The pretrial conference of a death-in-custody case involving 18 police officers was adjourned to 31 May in the Durban Magistrates’ Court on Tuesday.

Magistrate Maryn Mewalal said she was concerned about “the unnecessary, unreasonable and unjust delays this case has endured.”

The officers, many of them attached to the Chatsworth police station, are facing trial after Regan Naidoo, 32, died in police custody in August 2018. Naidoo had been apprehended at a petrol station in Chatsworth on suspicion of being in possession of a firearm used in a crime.

After an investigation by the Independent Police Investigative Directorate (IPID), initially 22 officers were arrested and charged with murder, attempted murder, torture, kidnapping and defeating the ends of justice.

There are three defence teams representing the accused.

At the last convening, on 23 February, advocate Anesh Sukdeo, who had been appointed the day before to represent three of the accused, said he would be ready for the pretrial conference. But on Tuesday, advocate Thobani Khuzwayo attended court on his behalf and informed the magistrate that the documents had been too voluminous to get through in time.

Magistrate Mewalal asked why Sukdeo could not be in court to answer for his previous assurances and to advise the court how much time he still needed. Khuzwayo said he was in court on Sukdeo’s instruction, and that they would be ready by the end of July.

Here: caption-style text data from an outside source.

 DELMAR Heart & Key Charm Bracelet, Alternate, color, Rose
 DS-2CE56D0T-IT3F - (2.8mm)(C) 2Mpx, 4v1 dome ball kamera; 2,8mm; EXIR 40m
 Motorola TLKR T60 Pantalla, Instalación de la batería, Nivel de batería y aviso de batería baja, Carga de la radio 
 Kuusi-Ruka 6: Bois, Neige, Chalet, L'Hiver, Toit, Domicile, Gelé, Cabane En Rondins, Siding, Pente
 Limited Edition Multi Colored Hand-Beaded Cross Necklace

Mewalal rejected this request and set a new pretrial hearing for 31 May.

She said the state and the defence would have to make the time to get through the workload to get the case moving forward.

She adjourned the matter and extended bail for the accused.

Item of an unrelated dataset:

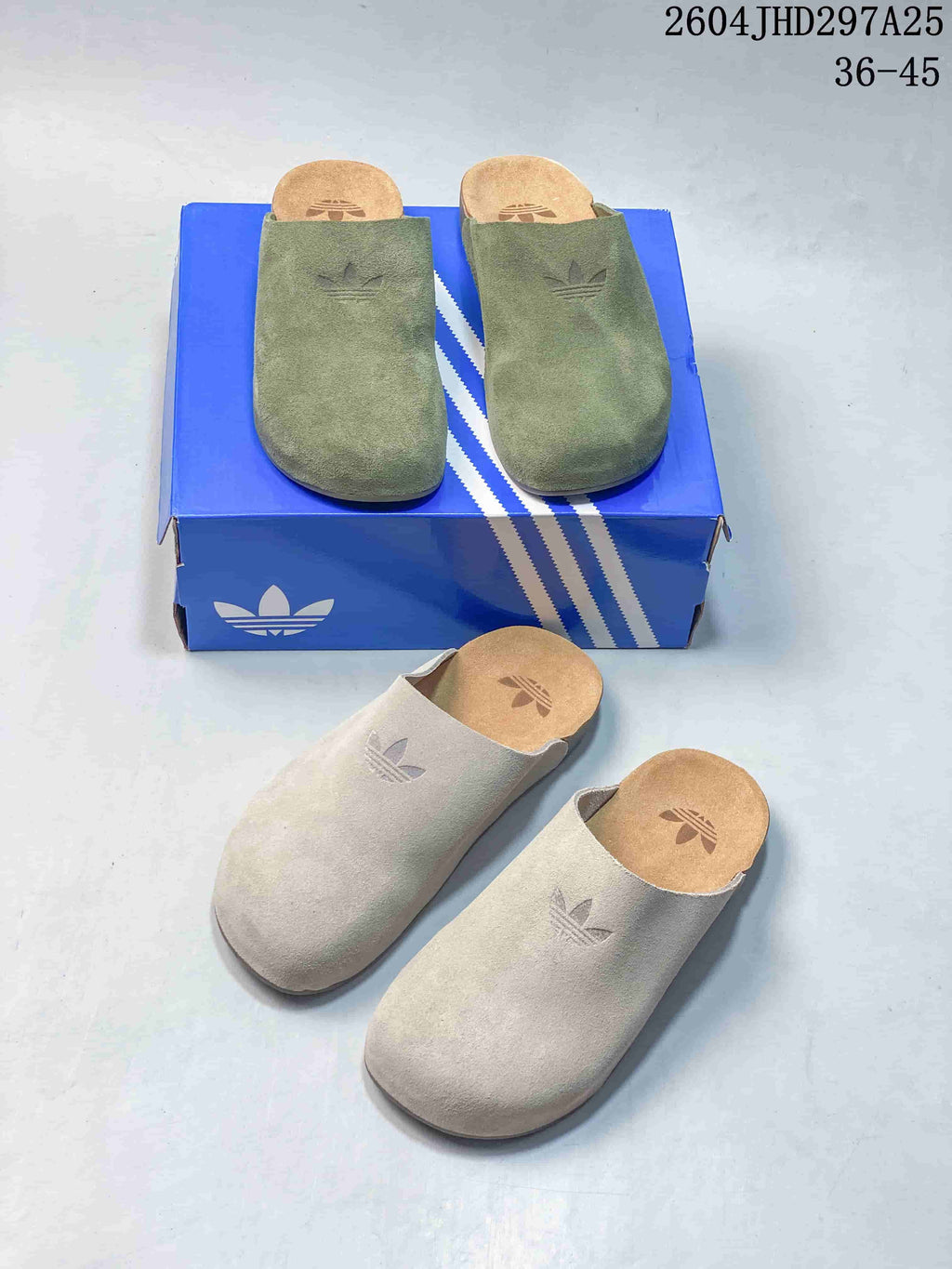 Olive green and light neutral Adimule mule slippers shown together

Divashin Govender, who is representing one of the accused, told GroundUp his client was being prejudiced by the delays caused by the state and other defence teams. “We have been ready for years,” he said outside court.

Naidoo’s widow, Kerosha, was at court with the family.

“We have to face them [the accused] every time we come to court,” she said tearfully. “They are out on bail, but our lives will never be the same. It takes me days to recover after seeing them in court. I am a single mother, raising two children on my own. I have to put on a brave face when I go home.”

She was six months pregnant with their second child when her husband died.

“My son is old enough to ask where his father is and I still don’t know how to tell him.”

Regan’s father Timothy Naidoo welcomed Magistrate Mewalal’s firm stance on addressing the time wasted on postponements.